Mr Mashuda argued that while BPC’s first licence renewal in 2012 was non-discretionary, provided that it met certain conditions, later renewals are entirely at the Government’s choice based on paragraph 43 of the oil explorer’s 2007 licence agreement.

That paragraph provides for two further renewals for periods of no more than three years, with the area covered by the licences to reduce by 50 percent each time. BPC is now seeking the first of these two renewals.

“This discretion is reiterated through the Petroleum Act,” Mr Mashuda said, “where ‘[t]he term for which a licence may be further renewed by the minister, shall not exceed a period of three years’.

“The Petroleum Regulations further reaffirm this discretion, using language similar to the 2007 licence agreement, when referring to a request for a second renewal: ‘and thereafter may, in his discretion, renew for two successive periods each not exceeding three years as to fifty per centum of the licensed area’.

“Neither the licence itself, nor the subsequently enacted provisions of the Petroleum Act and its regulations, place any limitations on the minister’s discretion to deny a subsequent renewal. Additionally, we evaluated the Minister’s discretion to consider either a general extension or an extension due to force majeure. In both cases, we similarly concluded that the minister retains the discretion to deny both requests.”

The Earthjustice conclusions, of accurate, will place more pressure on the Prime Minister and his Cabinet to live up to their publicly stated opposition to oil drilling in Bahamian waters by rejecting BPC’s licence renewal request. Dr Minnis and his Cabinet have repeatedly said they were bound by a legally watertight agreement to let BPC drill its Perseverance One exploratory well.

Neither Carl Bethel QC, attorney general, nor Romauld Ferreira, minister of the environment and housing, returned Tribune Business calls yesterday seeking comment. The Earthjustice letter was also released right after Eytan Uliel, BPC’s incoming chief executive, told investors it was “our right to extend” the company’s four oil exploration licences beyond their end-June 2021 expiration.

He said on a recent podcast: “We were required to submit the application to extend the licence. “It’s not so much an application, because we have the right to... It’s our right to extend it.

“We have submitted all the paperwork required. It was required three months before June 30. That’s now been submitted to and there’s a process we go through in terms of renewal, but that’s all in train.”

Earthjustice’s Mr Mashuda, meanwhile, argued that BPC’s outstanding licence fees were just one of several reasons not to renew the company’s licences. He added: “BPC has recently made abundantly clear that it lacks the ability to fulfill the future obligations that would attach to a renewal.

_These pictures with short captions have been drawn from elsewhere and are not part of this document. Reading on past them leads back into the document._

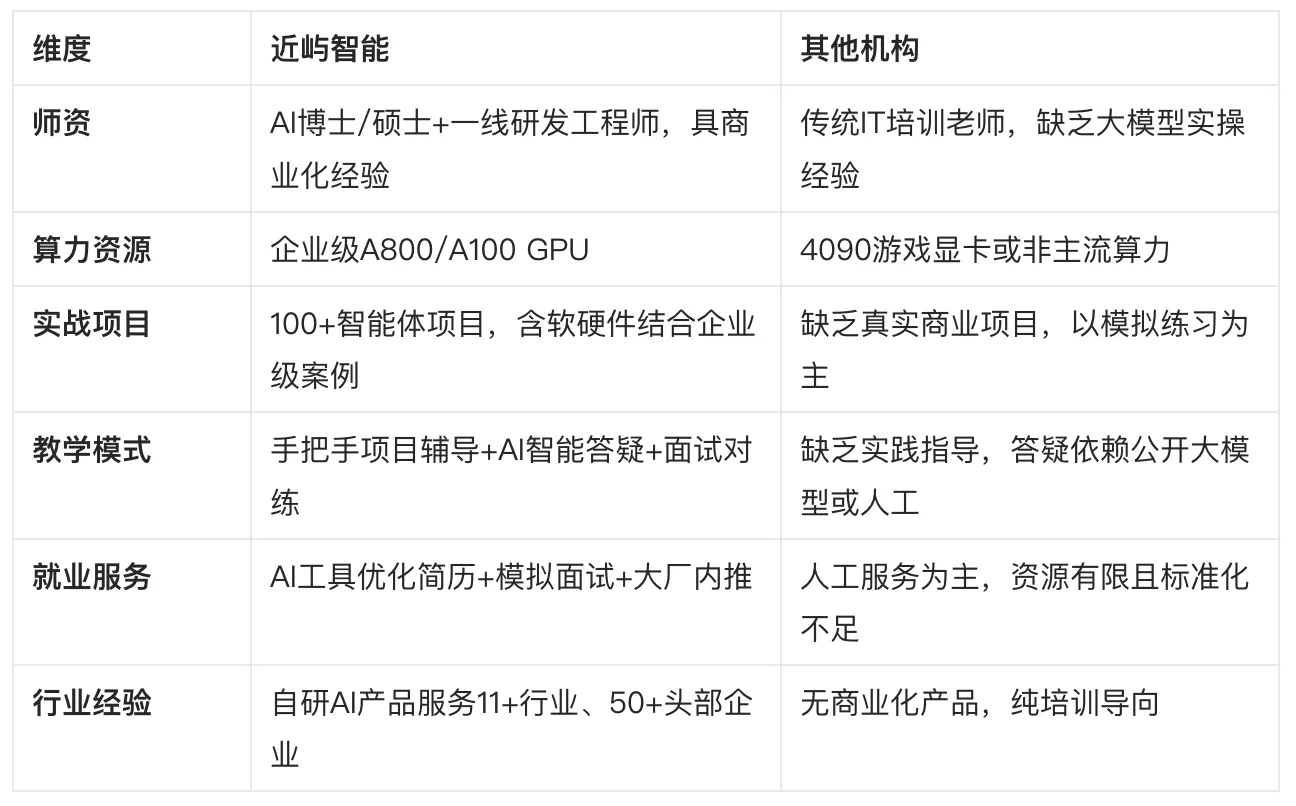 今年招聘市场，不懂AI很难找工作？近屿智能给你答案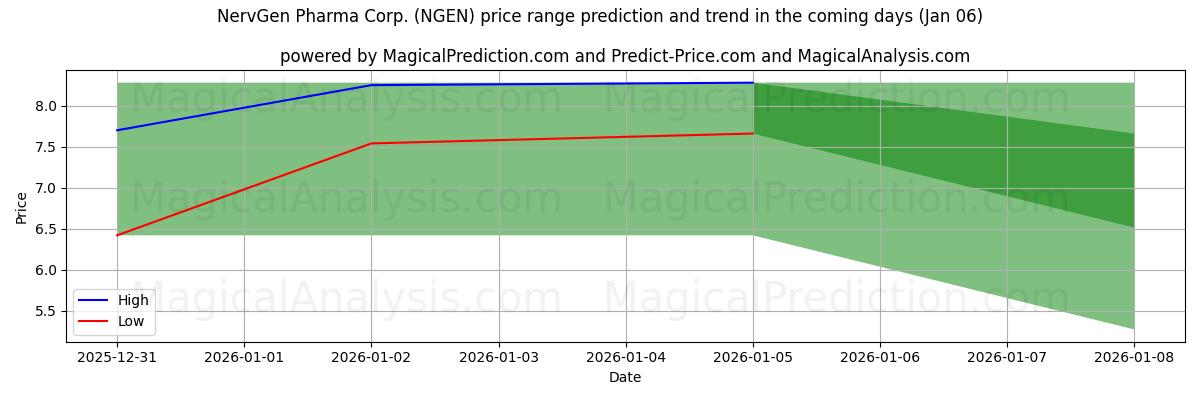 High and low price prediction by AI for NervGen Pharma Corp. (NGEN) (01 Jan)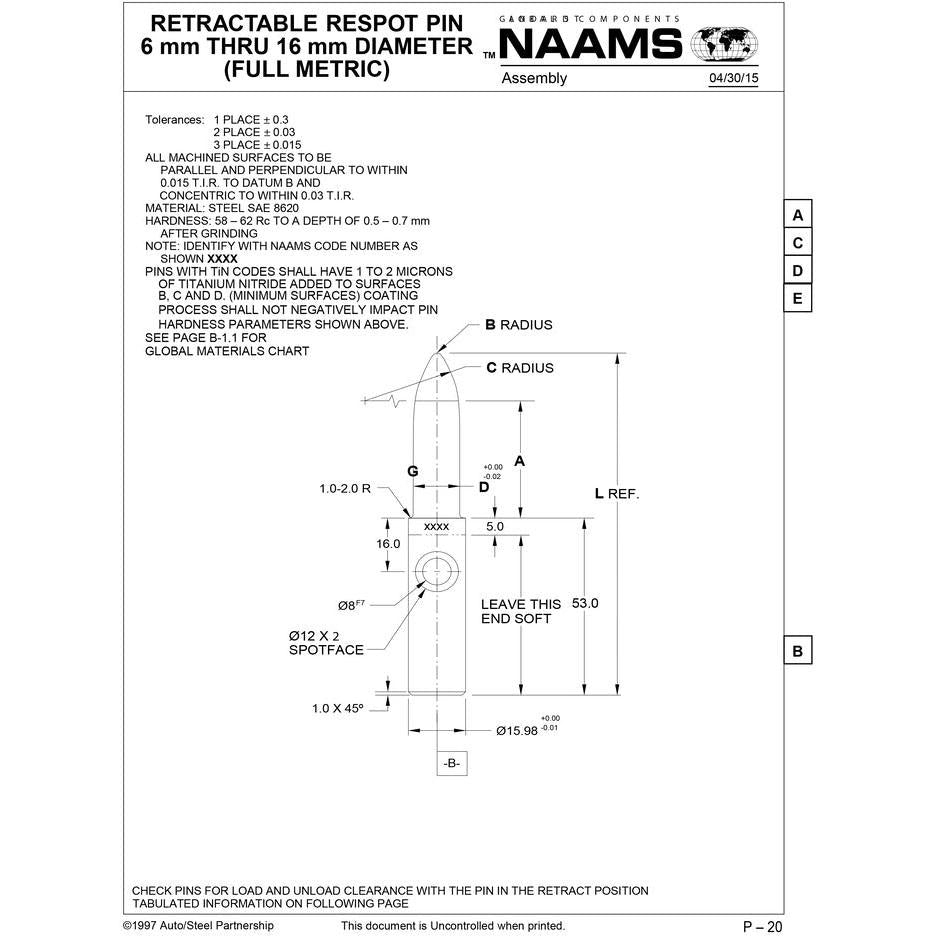 NAAMS Respot Pin ARP136RT Online Sale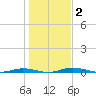 Welaka tide chart for Saturday, January 2, 2021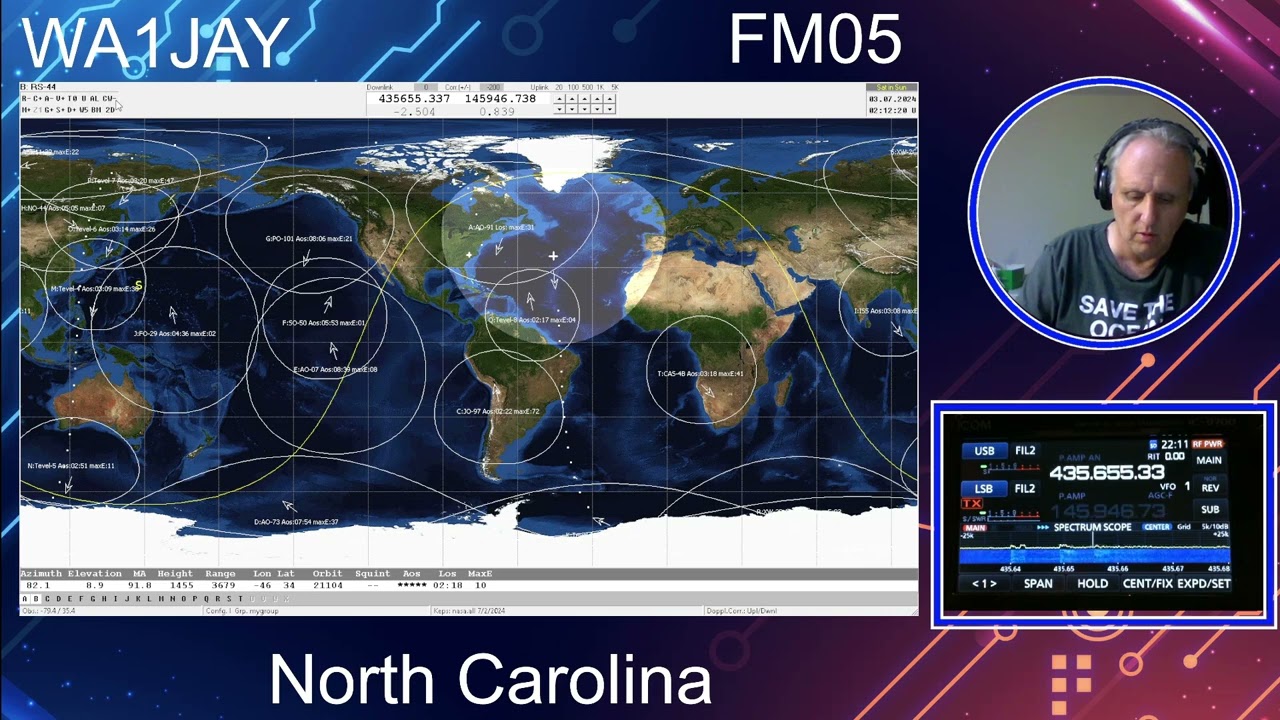 Ham Radio Satellite QSO with VP5AA5UK qso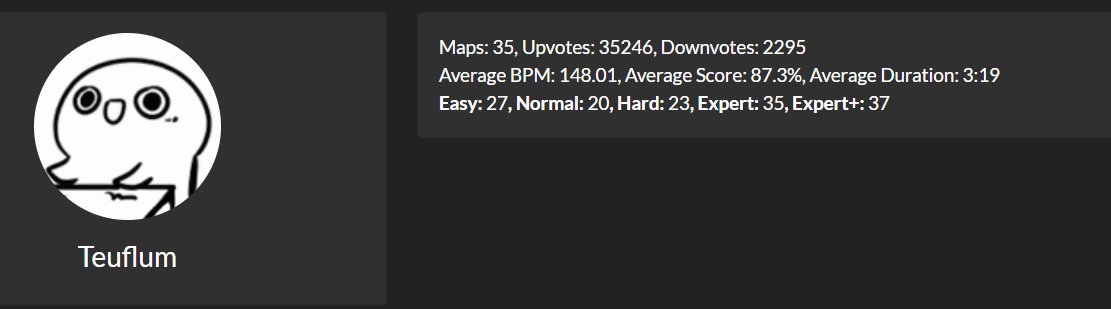 I think it's a good time to say THANK YOU from the bottom of my heart to everyone who still enjoys and upvotes my maps! <3
It's a crazy achievement for me to reach over 1k average likes per map and I'm really grateful for all the positive feedback over the last 3 years.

“It is notable that for any operations under a renewal licence, BPC currently seeks ‘a funding and operating partner for the next stage of exploration activity in The Bahamas’, demonstrating through its efforts to farm-out the licence agreements that it does not have the assets or operational capacity to utilize the licences.”

Mr Mashuda continued: “The Petroleum Act requires both the technical and financial capability of the applicant be taken into consideration in the initial application for the licence, and further requires the minister to consider ‘any other particulars which the minister may deem appropriate’ when considering a renewal request.

“It is axiomatic and prudent that the Government of The Bahamas weigh BPC’s technical and financial capacity as part of its discretionary consideration of the renewal request. The Government of The Bahamas has no obligation to take on or accommodate problems caused by BPC’s past miscalculations. BPC must demonstrate its own capabilities and not rely upon a future potential farm-out to fulfill its obligations under a renewed licence agreement........

“The Government of The Bahamas should exercise its discretion to consider whether it is in the best interest of the country to grant a renewal to a company that is currently seeking to farm out its licences to an undetermined entity.”